GAFAMでは年収1,000万円は低いほうでしょう。
ただ、日本法人の給与水準は本国と異なっている場合もあるので、一概には言えません。
S&P社の2021年の調査によると、Googleの従業員給与の中央値は$273,493(約3,300万円)でした。
一方でAppleの給与中央値は$57,783(約700万円)と差があります。
出典:S&P Global Market Intelligence (2021)
年収は人によって大きく差があり、一概には言えません。
無理やり言って、平均1,500~2,000万円とか、新入社員では500~1,000万円くらい差があるでしょう。
でも、本当に気にすべきは、どうやってそんな高い給料が決まるのかだと思います。
こんにちは、AJO(@ajo_kakei)です。
私はGAFAMではありませんが、似たような米国大手テック企業で10年以上勤めていて、人材の交流もあります。
もっと言えば、これらの企業への転職活動をとおして自分の市場価値がどれくらいか測ったりしました。
日本国内において、外資系と日本企業では評価のされ方が根本的に違うことは知られていますが、「外資は結果が全てだ」というイメージがまだあるようです。
でも、そんなのは実態とだいぶかけ離れています。
なので、少なくとも米国大手テック企業の業界での年収や評価、福利厚生などの待遇についてまとめました。
- GAFAはGoogle, Apple, Facebook, Amazonの略。
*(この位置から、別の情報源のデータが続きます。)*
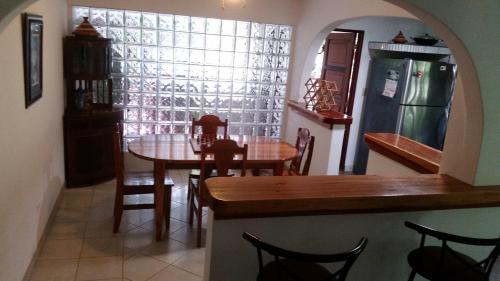 uma sala de jantar com uma mesa e um frigorífico em Embassy House em Puerto Jiménez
そしてMicrosoftを加えてGAFAMと言ったりします。
- 世の中のITサービス基盤を提供するプラットフォーマー。
- この5社で全世界全ての企業の時価総額の10%を占める巨大テック企業群のことです。
この記事を読めば、いわゆる外資系の給与の実態がわかるようになります。
- GAFAMの給料はどうやって決まるのか知りたい
- 高待遇なのに、退職する人もいるのはなぜ?
- 休みは?評価は?GAFAで働く人ってどんな感じなのか知りたい
GAFAM社員が高年収になる仕組み
まず、GAFAMの給料が高い理由は、GAFAMという会社自体が儲かっているからではなく、優秀な人材を競合他社に取られないようにする狙いがあるからです。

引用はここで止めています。